I couldn't think of a title. That's as good as it gets. The only other thing that comes to mind is 'waiting'.......been there done that! I feel like I am on a roller coaster. Some days up, some days down........some hours up...some down. Wow, that sound kinda depressing.
OK, new topic. Jim has been working straight days 7-3 M-F. The past couple of weeks he has come home with many stories of surgeries at work done on adoptive girls from China. This is rare. I can count on one hand the number of surgeries on adoptive kids that he has talked about. Why in the last couple of weeks has there been soooo many. I would love to be able to chalk it up to divinity or karma, but, I am too pessimistic to put much faith in that. Part of me is able to, the other part, not so much. I have been let down too much, yet I still have faith.

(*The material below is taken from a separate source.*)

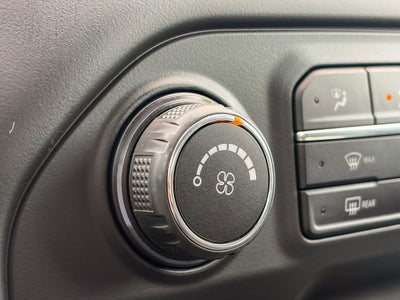 2021 Chevrolet Silverado 1500 Work Truck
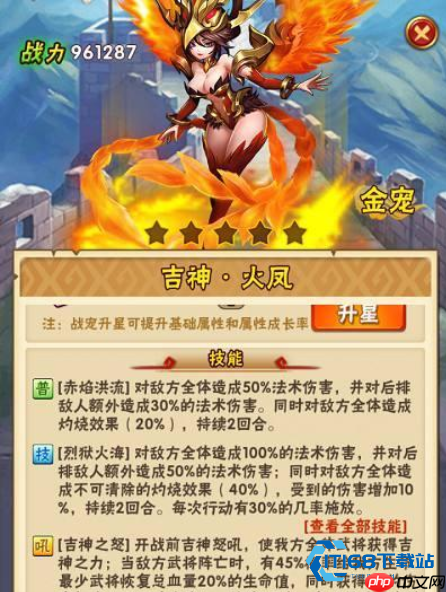 群雄阵容红宠选择终极指南 暴击毒伤流完美搭配秘籍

I cling to that part that just wants to believe that this is a sign from above, but, if not, I don't think I can handle the emotional crash. I know that she is out there, I can feel her. We just need to find her. I do have faith!
I think I need to stop blogging after 9 pm. I get far too philosophical and emotional! OH well, I have been paper pregnant for about 2 years now!!!!!!
I will let you know Friday where we stand with the release of the shared list. Cross your fingers and say a few prayers.